In this workshop, you will enable an Amazon Virtual Private Cloud (VPC) flow logs ingest pipeline served from within your VPC using S3 bucket notifications, Amazon SQS and AWS Lambda to provide events to the Amazon Elasticsearch Service and with real-time monitoring using Kibana.

One of the more popular patterns is to feed logs generated by AWS services through Amazon CloudWatch logs. This pattern is easy to setup and manage. There are very few moving parts to build. The setup gets you going – super quick.

However, the approach, specifically for flow logs, means that you are using Amazon CloudWatch Logs as a pass through and the advantage of using Elasticsearch and Kibana from a cost perspective diminishes. Many customers prefer to cut costs on monitoring architectures that involve Amazon ES and other integrations in the AWS ecosystem.

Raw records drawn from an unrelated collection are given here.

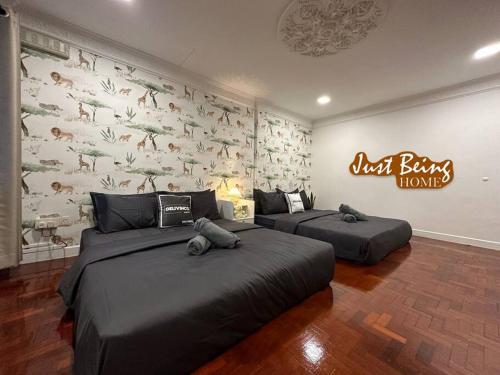 twee bedden in een kamer met een muur met dieren erop bij Just Being Home 10pax 3BR/3BA 4Queen/1Sofa in Ampang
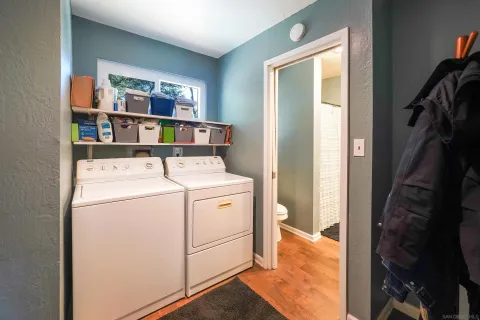 a utility room with dryer and washer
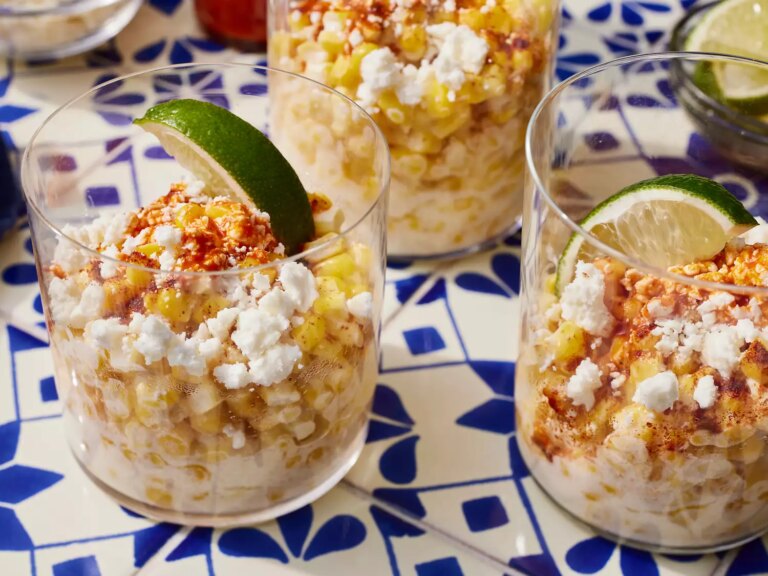 High angle looking at a few corn in a cups garnished with lime wedges, hot sauce and cheese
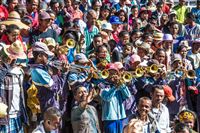 The dancing crowd gets a trumpet salute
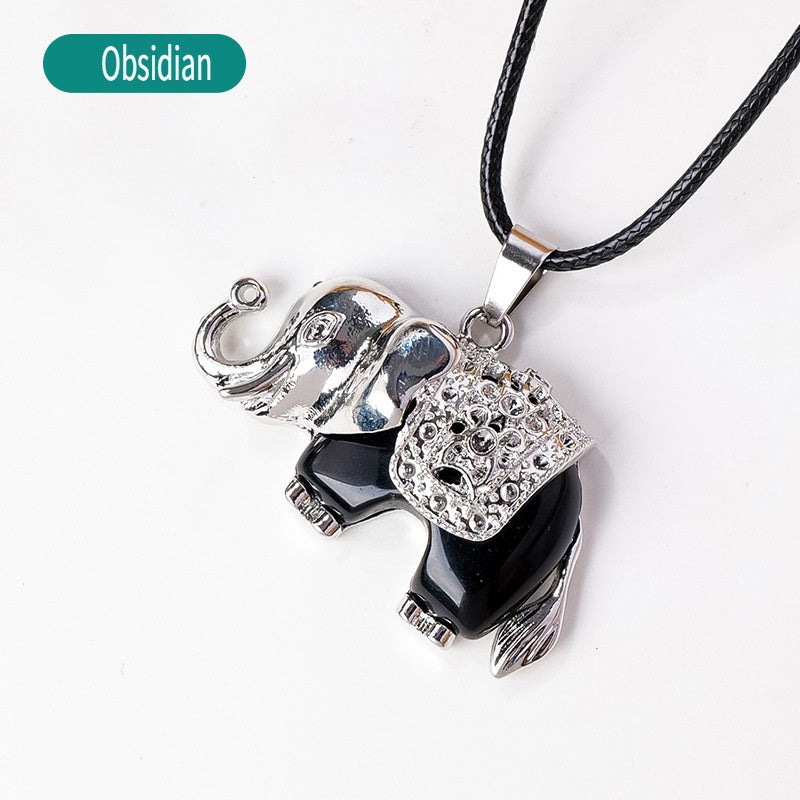 RYS Necklace with a pendant in the form of a baby elephant made of natural crystal and rough stone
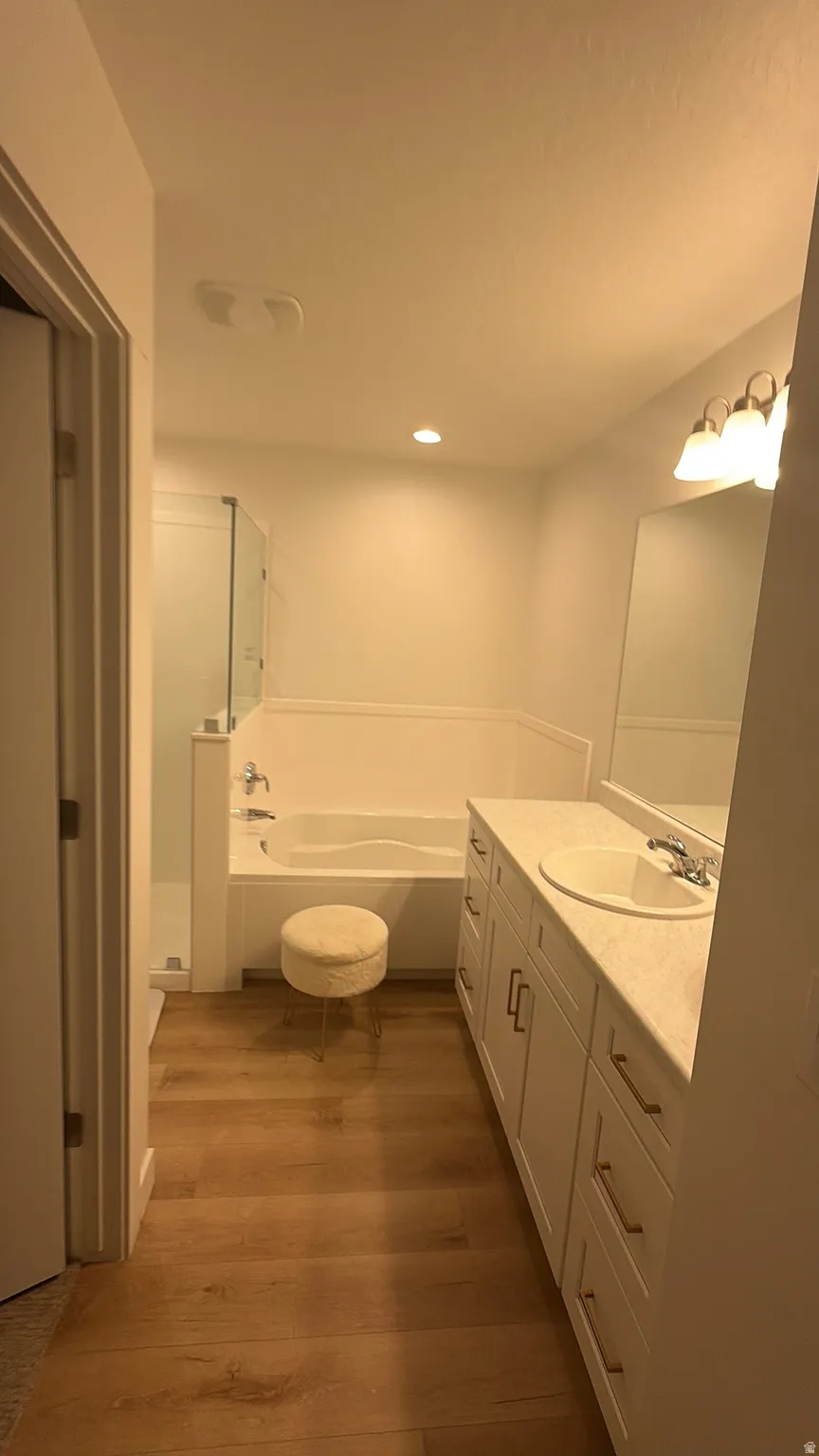Bathroom featuring a double vanity with white cabinetry and integrated sinks, a built-in bathtub, a walk-in shower with a glass enclosure, and wood-finish flooring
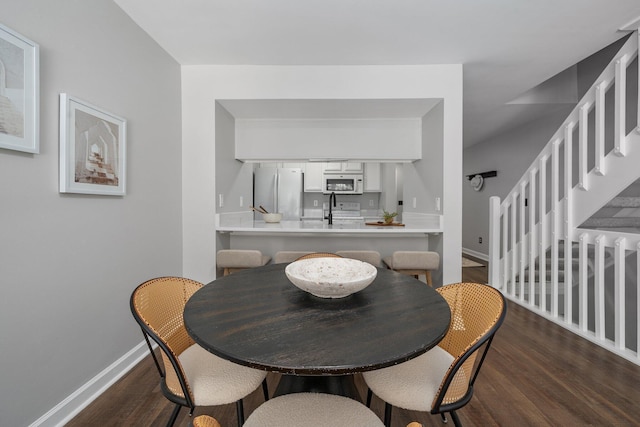 5394 Ambrosia Ave Unit 21B, Columbus, OH 43235 - dining area featuring wood finished floors, baseboards, and stairs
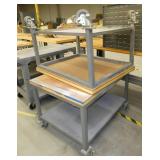 Two 30x38 rolling tables with wood top and steel base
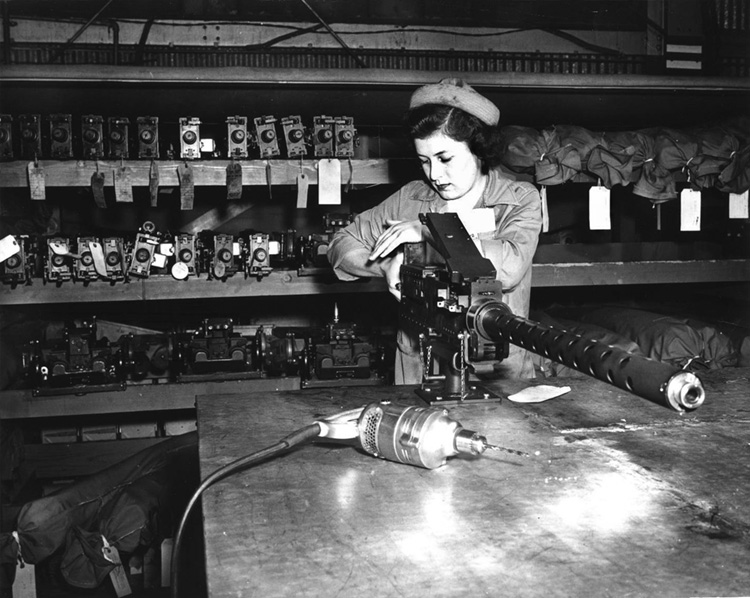 Women held a variety of non-traditional jobs. Here Marion Pillsbury, a Marine Women Reservist, assembles a .50-caliber machine gun at the San Diego Marine Corps base.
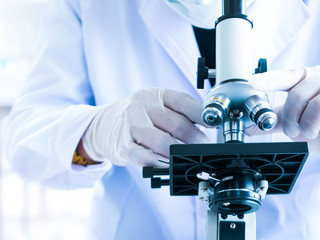 Scientist use microscope for experiment research test about biotechnology close up hand in laboratory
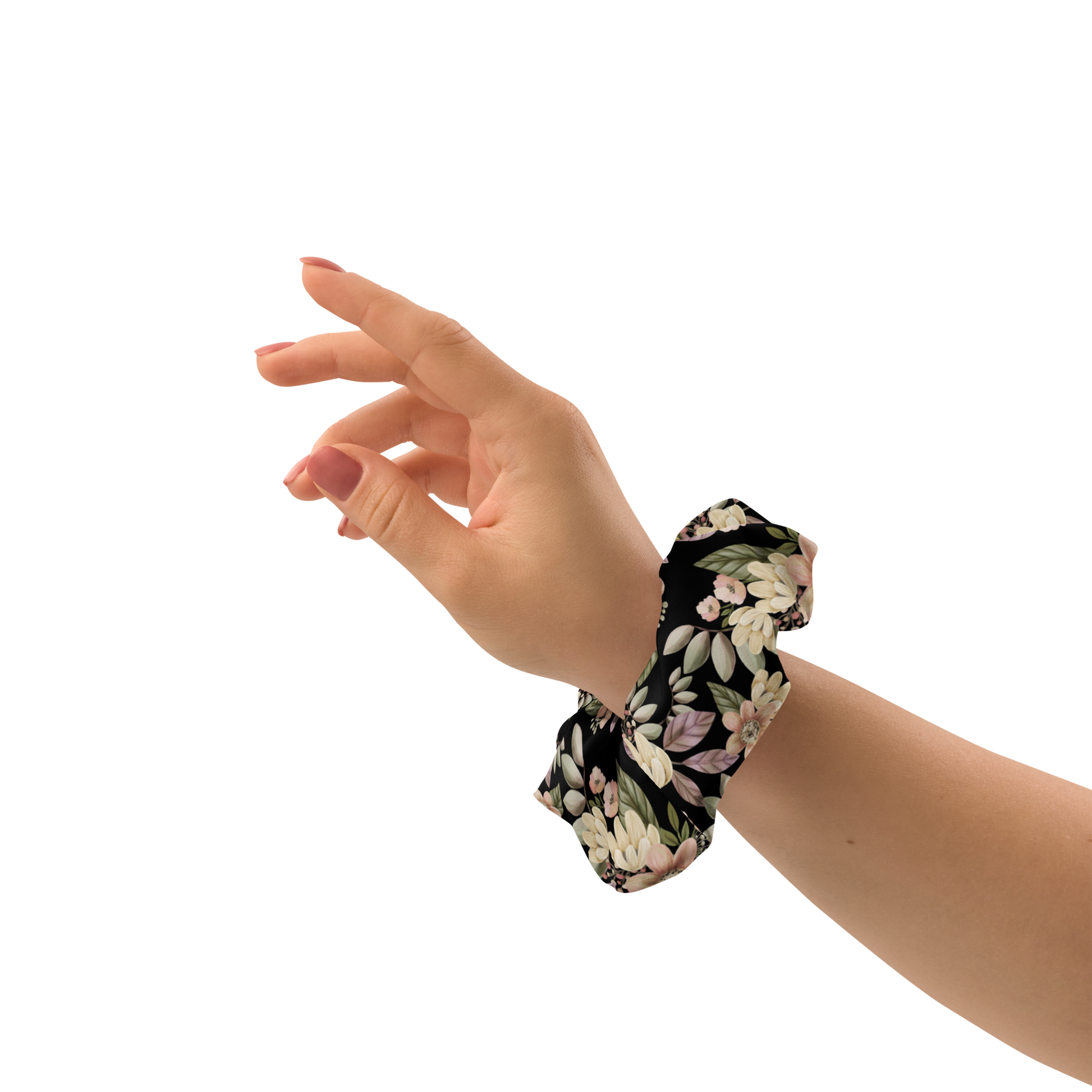 Hand wearing a floral scrunchie on a white background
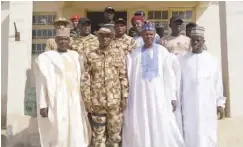  ??  ?? Commanding Officer (CO), 5 Brigade Nigerian Army, Damasak (middle) flanked with the Borno State Commission­er for Local Government­s and Emirate Affairs, Sugun Mai Mele and the State House of Assembly Member, representi­ng Mobbar LGA, Usman Lawan Moruma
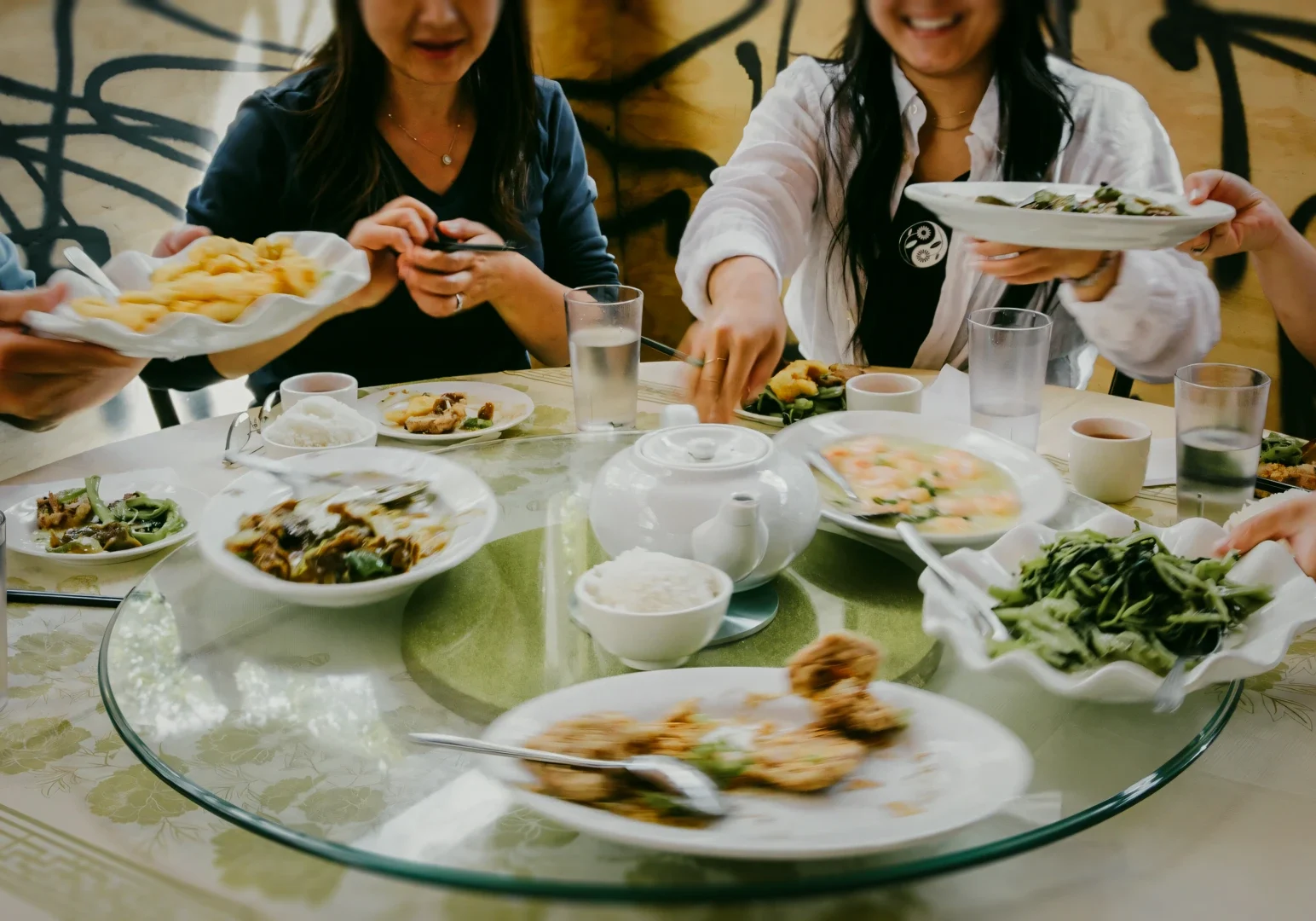 2 Restaurant Hopping Eye‑level wide shot of a shared round dining table filled with Chinese dishes, including stir‑fried vegetables, seafood, rice, and plated mains, capturing communal dining, restaurant hopping, and social food experiences.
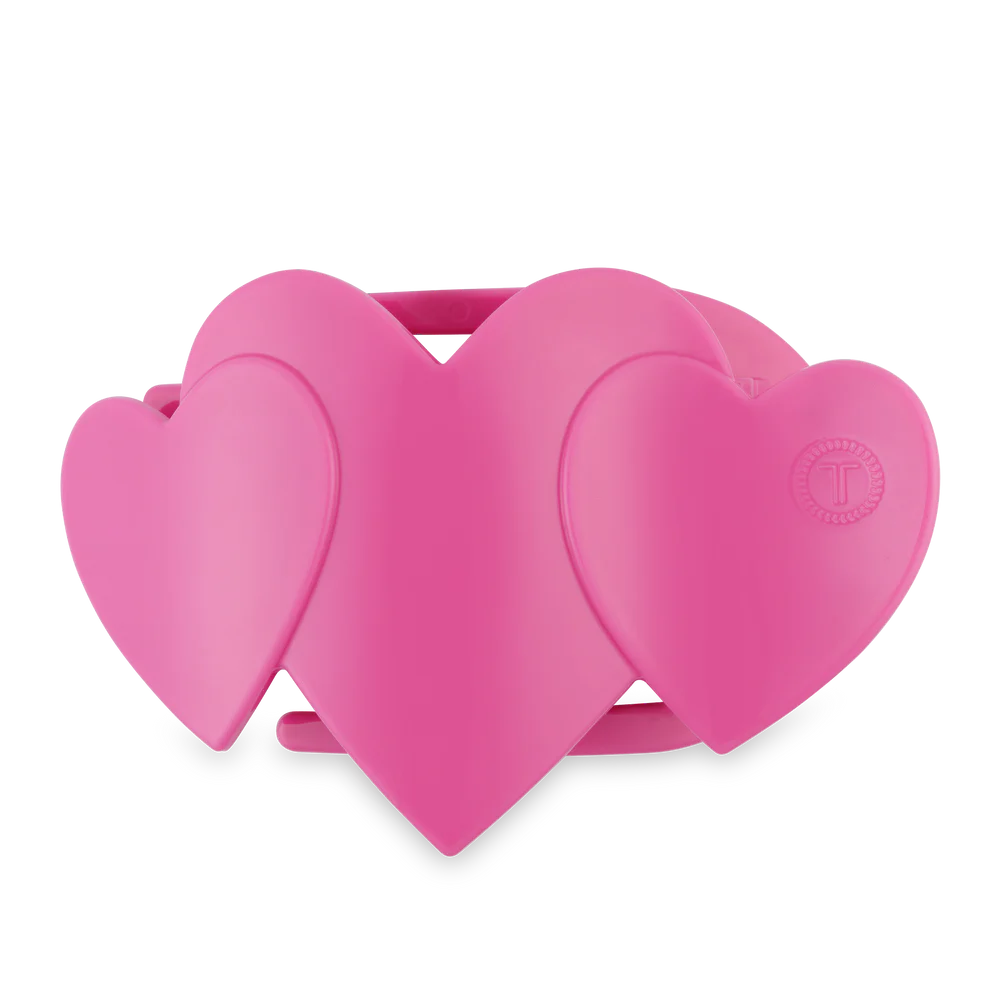 pink flat hair clip in the shape of 3 hearts side by side
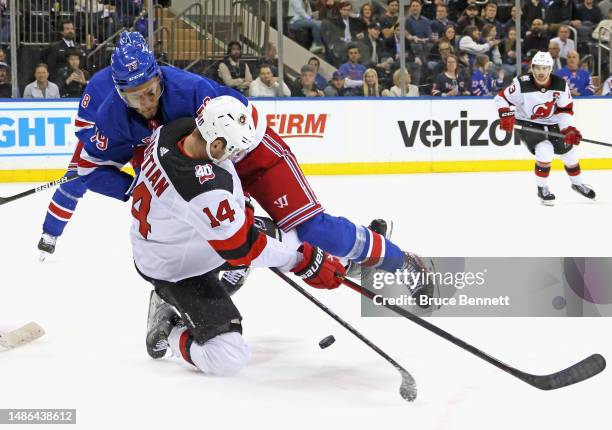 Andre Miller of the New York Rangers checks Nathan Bastian of the New Jersey Devils during the third period in Game Six of the First Round of the...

An alternate approach for flow logs involves multiple components:

1) VPC Flow Logs – captures IP traffic in the VPC (both public and private)

2) Amazon Virtual Private Cloud (VPC) – you enable the flow logs setting to write to one of two destinations (as of the time of this writing).

- [Amazon Simple Storage Service (S3)](
- [Amazon CloudWatch Logs (CWL)](

3) Amazon Simple Queue Service (SQS) – the buffer for events and a decoupling mechanism for bucket notification event processing.

4) AWS Lambda – deploy java code to write to the Amazon Elasticsearch Service using the Java High Level Rest Client and Sigv4 request signing without servers.

5) Amazon Cognito – authentication for the Amazon Elasticsearch Domain

6) AWS Identity and Access Management (IAM) – authorization / entitlements to indexes and other resources for the Amazon Elasticsearch Service domain

7) NGINX deployed on an Amazon EC2 proxy server for secure proxy access to the Kibana endpoint in VPC

8) Amazon S3 – used to hold the flow log output in the form of .gz (gzip) files.